Bad Samaritans: The Myth of Free Trade and the Secret History of Capitalism
- Author: Ha-Joon Chang
- Published: 2007
- Publisher: Bloomsbury Press
- Publication place: United States
- ISBN: 978-1596915985

= Bad Samaritans (book) =

2007 economics book by Ha-Joon Chang

Bad Samaritans: The Myth of Free Trade and the Secret History of Capitalism is a book about economics written by Ha-Joon Chang, a South Korean institutional economist specializing in development economics. It criticizes mainstream economics of globalization and neo-liberalism. Chang claims that developed countries want developing countries to change their economic policy and open their markets. Rich and powerful governments and institutions are actually "Bad Samaritans"; their intentions may be worthy but their simplistic, free-market ideology and poor understanding of history leads them into policy errors.

== Summary ==
Chang argues that Thomas Friedman's book The Lexus and the Olive Tree (1999) presents an uncomfortable truth of capitalism and criticized globalization. He argues that there are errors in prevailing theories of economic development and refutes them with economic theory, historical perspective, and current data. Chief among those errors is the argument that Britain and America's 19th century free-trade policies projected them into market dominace. On the contrary, Chang shows that western economies aggressively implemented protectionist policies and then, only when it was safe and beneficial to them, turned around to force developing countries to adopt free trade. Chang also claims that "Market and democracy clash at the fundamental level." In the epilogue, he writes about a fictionalized Brazil in 2037 that faces a gloomy future as a consequence of reckless beliefs in neo-liberal policies. Finally, he makes the case for new strategies to create a more prosperous world.

== Critical reception ==
The book was criticized by William Easterly, Professor of economics at New York University, for his overemphasis on protectionism as a prerequisite for growth stating that there is no consensus among economists on the "set of policies that can be guaranteed to ignite sustained growth". He argued that Chang only focuses on those countries that succeeded through protectionism while ignoring the failures. He praised Chang for correctly pointing out that "there were more departures from laissez-faire in American and European history than some ideologues would like to admit" but criticised it for the failure to mention that "average per capita growth rate in the US, regardless of the policy direction, has been remarkably stable for two centuries" when US trade policy swung back and forth between protectionism and free trade and the fact that rich countries have often protected agriculture rather than industry.
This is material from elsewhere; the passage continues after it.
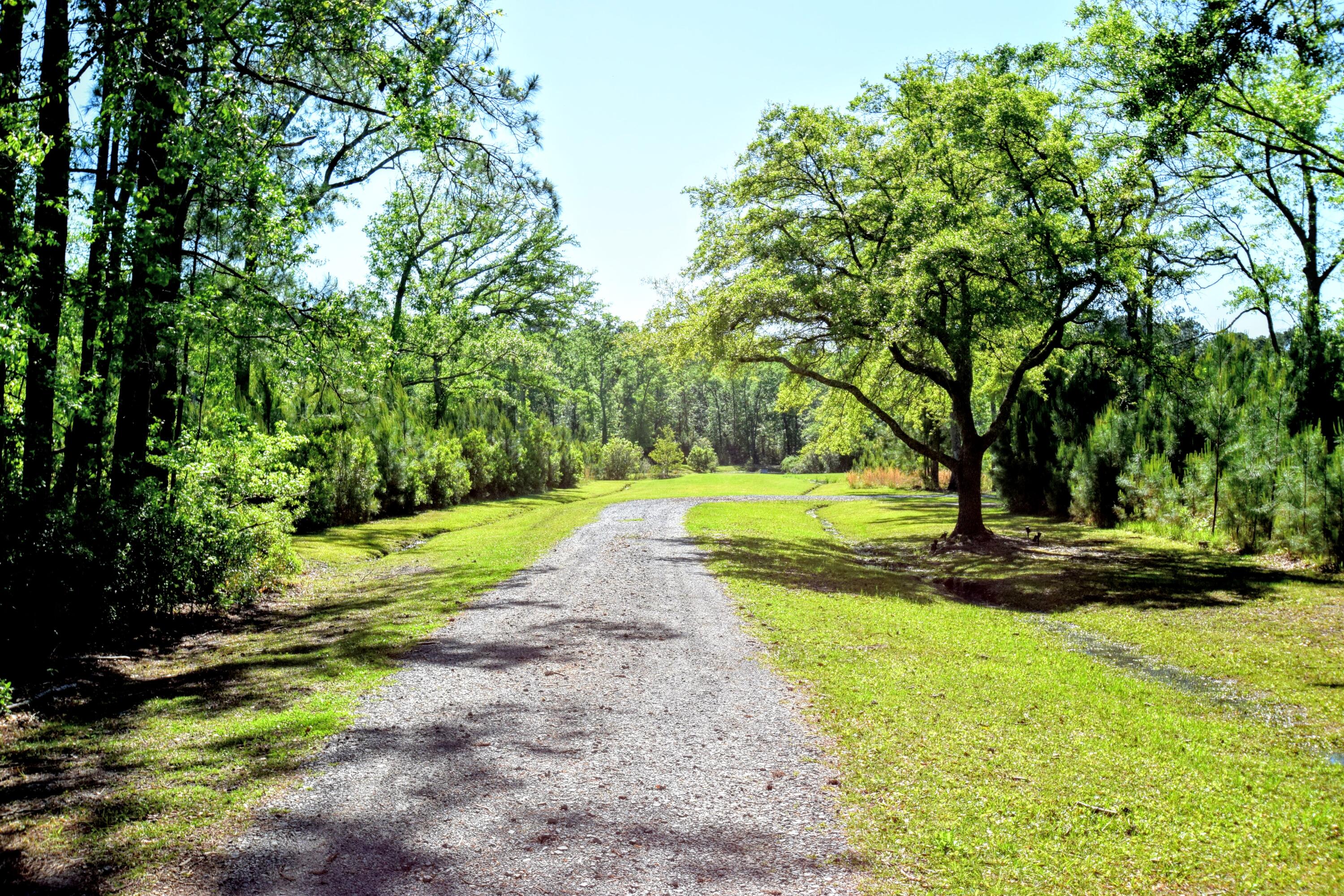 6870 Early Jersey Road Meggett, SC 29449 - Photo 11 of 37 Grand Entrance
Antoine Cerisier in Social Justice wrote that "Despite largely favourable reviews, the book has been criticized in the Financial Times and The Economist. Critics argued that empirical evidence usually supports the main argument put forward by free-trade economists, namely that trade liberalization is good for growth and development. In a 2002 journal article entitled “Growth is good for the poor,” Dollar & Kraay concluded that free trade triggers growth and helps alleviate poverty in the global South. Nonetheless, as Chang would respond, it is probably the opposite: states are more willing to liberalize trade once they reach a certain level of economic development. The journalist admits that the East Asian example can illustrate the use of protectionism and state intervention in the economy."

The Economist reviewer stated that the book presents the writer's personal reflection and rhetorical set-pieces. The book aims to "discomfort neoliberals." The review criticized the author for a "shaky grip on the historical record." The review concludes that the book is an interesting if controversial addition to the ongoing "200-year duel between the Hamiltonian's and the liberals".
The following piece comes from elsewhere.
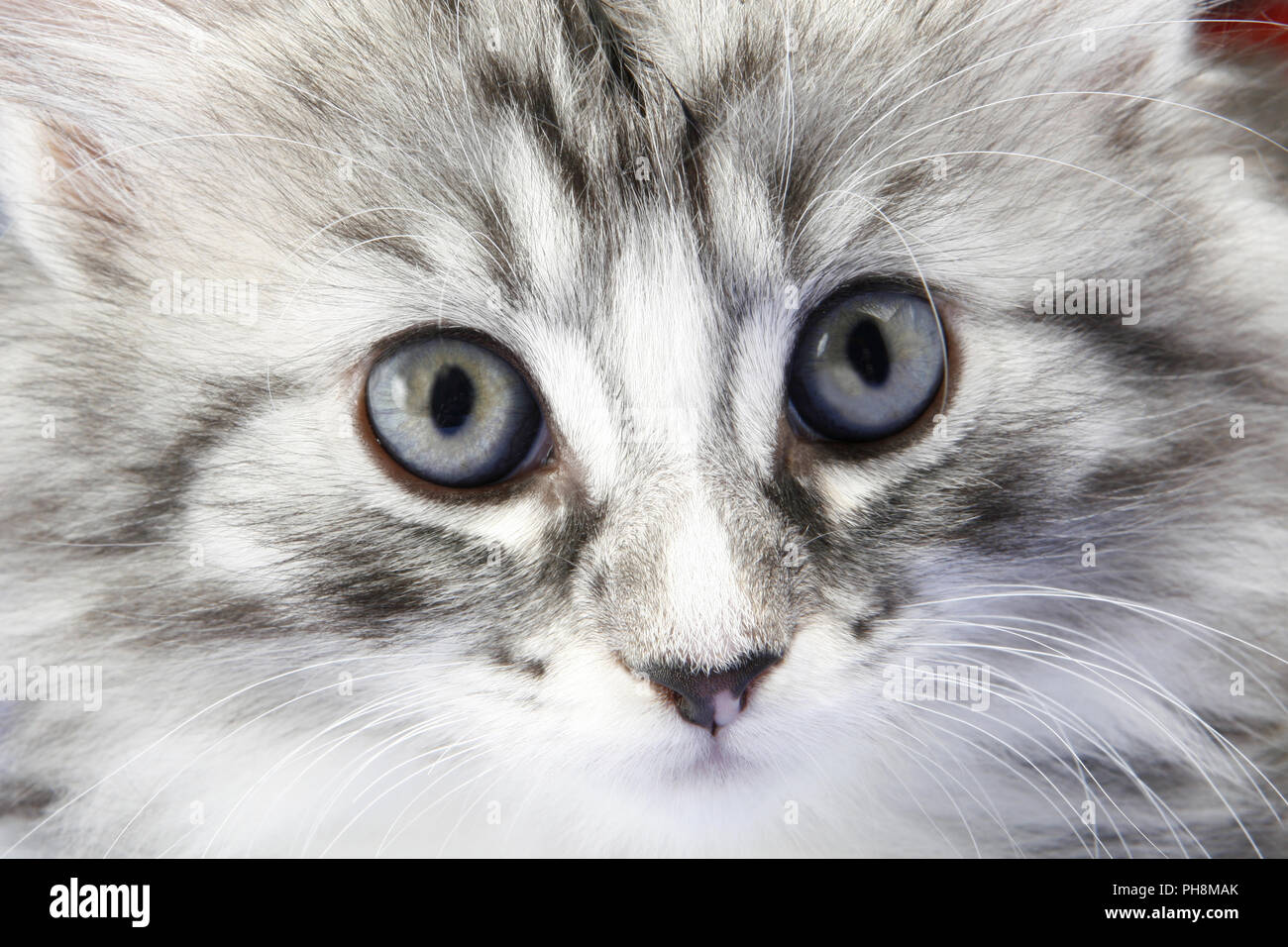 Norwegian Forest Cat, seven weeks old Stock Photo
In the Washington Post review, Paul Blustein, a journalist in the Global Economy and Development Program at the Brookings Institution, wrote “Chang's book deserves a wide readership for illuminating the need for humility about the virtues of private markets and free trade, especially in the developing world.”

Tom Gallagher in the San Francisco Chronicle claimed that free market ideology has been enforced by today's dominant countries and they are "kicking the ladder" that they had climbed out of poverty, thereby preventing poor countries from climbing that ladder. He concludes the review by saying that developing countries "have to defy the market".

=== South Korea ===
In 2008, Bad Samaritans was included on a list of 23 "seditious" books released by the Ministry of National Defense of South Korea. The listed books cannot be read or kept on a military base. The ministry argued that it might cause misunderstanding among the readers about the free market economy. The army argued that the book promotes anti-government and anti-American ideology.

American linguist Noam Chomsky said: "It is unfortunate that the Ministry of National Defense is afraid of freedom and is trying to control people." He also said, "The name of the Ministry of National Defense should be changed to Ministry of Defense against Freedom and Democracy.”

In South Korea, in OhmyNews, Gabsoo Kim said that Bad Samaritans pointed out the errors of a global standard that leading countries like the US use to compel a developing country to adopt the liberal market economy. Kim mentioned the book as very pro-capitalistic as Chang is a scholar who thoroughly trusts capitalism. He considers the book perfectly timed with neo-liberalism being confronted with serious challenges by the financial crisis.